* Work instruction
Print exactly the line that contains "vegan strawberry ice" along with every line beneath it to the end of the records below, and omit pictures.

(Data Opens)

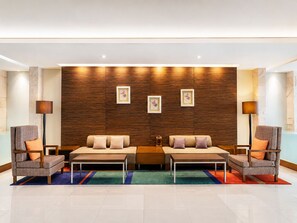 Un hall d’entrée moderne avec deux canapés, une table basse et deux fauteuils. Des tableaux encadrés ornent le mur, et une lampe sur pied est placée de chaque côté.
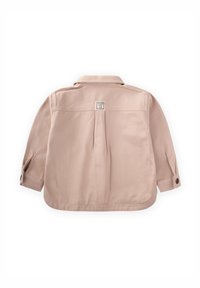 Camicia a maniche lunghe color beige chiaro con colletto, piega posteriore e polsini con bottone. Presenta un'etichetta quadrata sulla parte superiore della schiena.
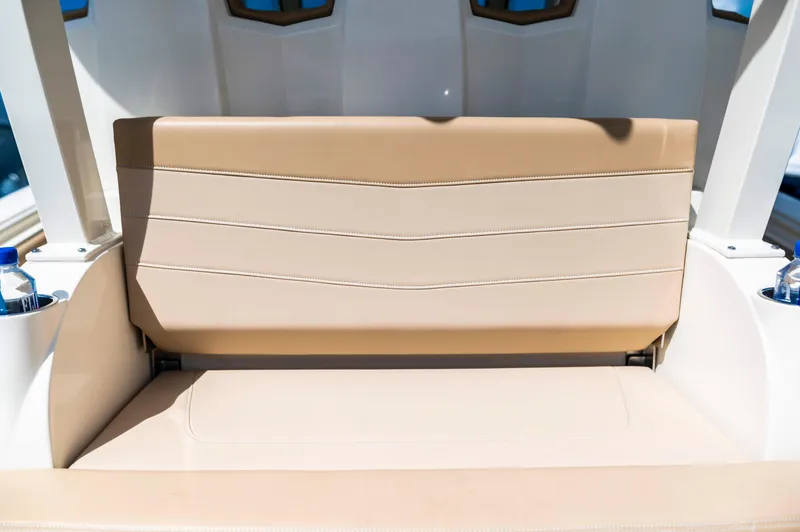  Yacht Photos Pics 2019 Scout 355 LXF boat seat with beige upholstery and sleek design.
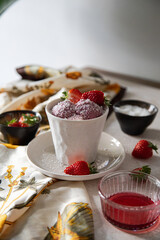 vegan strawberry ice cream with fresh fruits in a cup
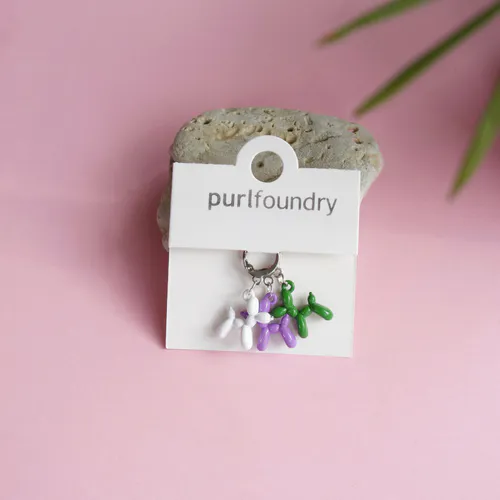 Purple, green and white knit stitch markers in the shape of balloon animals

(Data Closes)

* Written answer
 vegan strawberry ice cream with fresh fruits in a cup
 Purple, green and white knit stitch markers in the shape of balloon animals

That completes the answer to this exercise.